Sunday, April 26, 2009

Dinner With Lucullus

M.F.K. Fisher, the simultaneously subtle and brilliant food writer, devoted a chapter in her opus Serve It Forth to the importance of dining alone. She loved to cook and entertain guests which is beautifully rendered in her writing but she never forgot to make time for herself. Even when dining alone Fisher would treat her meal with the same delicate touch and refined style that she lavished on her guests. I totally agree with her notion that eating alone does not have to be a chore, bore, or quick fix of crappy food. She attributes this philosophy of eating well, even when alone, to a Roman noble named Lucullus. Lucullus was a grand gourmet notorious for the wealth he squandered on his food budget and opulent feasts. One day he verbally abused his team of chefs when they served him leftovers, stale bread, and overly watered wine on an off day from his busy social schedule. When his staff stood apologetically before him they pleaded that since he was eating alone they assumed a lavish feast was not a necessity. He rebuked them by saying that when Lucullus dines with Lucullus the food should be at its very best, going above and beyond what they served his guests. Lucullus ate the finest foods and drank his most potent vintages when dining alone, because he was worth it. I agree wholeheartedly that it is warranted to treat yourself now and again to a special meal made especially for you.
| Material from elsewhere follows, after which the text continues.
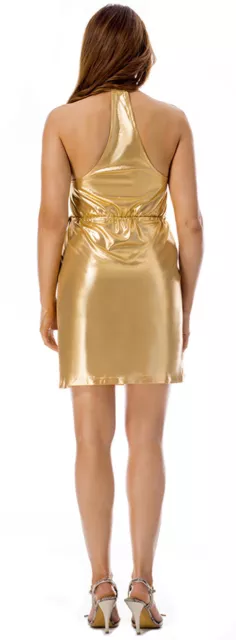 Mini Abito Vestito Corto da Donna Oro Senza Maniche Estivo Aderente e Svasato 3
Tonight I decided to dine alone and model Lucullus’s gastronomic philosophy. I had a lot of tasty things leftover from my last trip to the farmer’s market so I threw some stuff together that worked out really well. I had a second pork tenderloin that had been marinating in the fridge for two days, leftover from the dinner party I threw for Nick’s birthday. After sitting in the flavorful marinade (refer to last post) for several hours it had taken on a tremendous amount of flavor. I roasted it in the oven and finished it under the broiler to give it a nice crust. I plated the pork next to a mixed green salad with crumbled blue cheese and cubed bosc pear. The spring mix of mesclun and fresh herbs paired well with the zing of the blue and the sweetness of the pear. My vegetable side dish was stir-fried baby bok choy purchased at the Korean stand at the Union Square farmer’s market. I threw them in the wok with vegetable oil, garlic, and minced ginger and briefly sautéed them. Right at the end of the cooking time I added sesame oil, rice vinegar, soy sauce, and chili paste to give it some Asian flare. You could say my dinner had an east meets west vibe to it with the bok choy standing as the antithesis of the more Mediterranean pork and salad combo. Dining alone does not have to be banal; one can eat like a Roman noble even when breaking bread solo. As always, I encourage you to enjoy and share delicious food and home cooked meals with yourself and others!


Amelia said...
This comment has been removed by the author.
Amelia said...

This is perhaps the finest writing you have ever done for Pomander Saveur! Bravo!